Le scénario “at school” selon Mari Carmen Domingo Le scénario “at school” selon Mari Carmen Domingo

Les systèmes de jeux et d’apprentissage pour les enfants gagnent à inclure des technologies RFID, notamment pour aider l’enfant à identifier différents matériaux par exemple. Nous avons déjà pu souligner plus haut que des puces incorporées à des jouets peuvent aider les enfants atteints de surdité à apprendre le langage des signes. Un lecteur RFID connecté à un ordinateur pourra lire la puce d’un jouet qu’un enfant approche de l’écran, afin d’aider ce dernier dans l’identification de l’objet par exemple ou encore la prononciation ou l’écriture de son nom. Des méthodes pédagogiques peuvent ainsi se fonder sur l’usage des jouets connectés.

Dans la bibliothèque de l’école, les enfants ayant une déficience visuelle peuvent localiser plus facilement un livre avec l’aide des technologies RFID, et “lire” l’ouvrage à l’aide de dispositif reconnaissant l’ouvrage et renvoyant à un fichier sonore du type daisy ou un logiciel de lecture d’écran.

Mari Carmen Domingo propose enfin un troisième scénario ayant lieu dans un environnement domestique.

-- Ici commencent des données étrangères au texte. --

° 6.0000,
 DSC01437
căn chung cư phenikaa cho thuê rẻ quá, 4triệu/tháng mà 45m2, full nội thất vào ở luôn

Le scénario “smart home” selon Mari Carmen Domingo Le scénario “smart home” selon Mari Carmen Domingo

Le scénario est dense de dispositifs potentiels pour les personnes en situation de handicap. Les technologies de la “maison intelligente” ont nourri bon nombre d’imaginaire. La domotique permet la création d’un environnement ultra-connecté au sein des habitations : il s’agit par exemple du réfrigérateur qui connaît la quantité restante de chaque produit qu’il contient et est même capable d’en commander automatiquement, ou de trouver des recettes sur Internet. La maison s’adapte petit à petit à son locataire pour simplifier son quotidien. De manière générale, la maison intelligente favorise l’automatisation et le contrôle de l’habitat en utilisant plusieurs dispositifs, et un ensemble de capteurs disposés dans chaque pièce et chaque objet connecté. Elles sont adaptées aux personnes en situation de handicap sur deux voies différentes.

D’une part des interfaces spécifiques sont prévues pour manipuler le contrôle et l’automatisation de l’habitat, avec par exemple des possibilités de zoom, de contrôle à distance par la voie, ou encore par la reconnaissance des mouvements et de l’inclination du corps, etc.

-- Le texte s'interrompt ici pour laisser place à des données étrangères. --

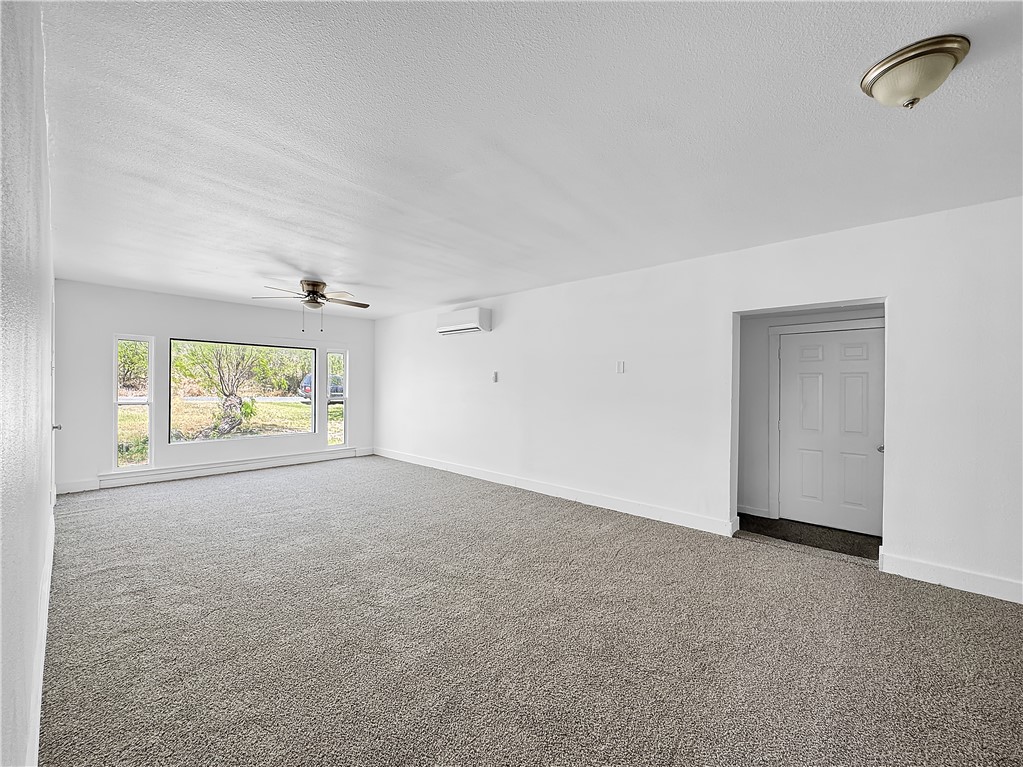 266 S Vista Dr Property Photo 13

D’autre part des dispositifs particuliers d’aide existent pour améliorer leur quotidien : des systèmes de détection d’obstacle, des dispositifs d’aide pour déplacer son corps d’une chaise roulante vers le lit, des robots jouant certains rôles d’auxiliaire de vie, etc.

Tous ces scénarios sont essentiels pour penser en amont les avantages que peut apporter l’Internet des Objets pour l’accessibilité. Car encore faut-il imaginer ces usages.

Les technologies se développent et s’améliorent de plus en plus rapidement, mais ne suivent pas forcément des principes d’accessibilité visant à s’adresser à tous. Des initiatives existent évidemment, à l’image des “Web Content Accessibility Guidelines” (WCAG2.0), règles d’accessibilités pour le web édictées par le W3C dont nous avons pu parlé dans un précédent article, ou encore de la philosophie du “Design for all” qui favorise la prise en compte de tous les publics sans distinction pour la construction d’environnements et de dispositifs en tout genre. Mais ces initiatives ne sont encore que mineures, pour un domaine aussi essentiel que l’accès, pour tous, aux mêmes services et aux mêmes conditions de vie. A ce titre, il est nécessaire qu’avec l’Internet des Objets, la prochaine révolution technologique, nous soyons tous conscients des potentialités et des évolutions formidables que la technique et la technologie peuvent apporter, pour tous.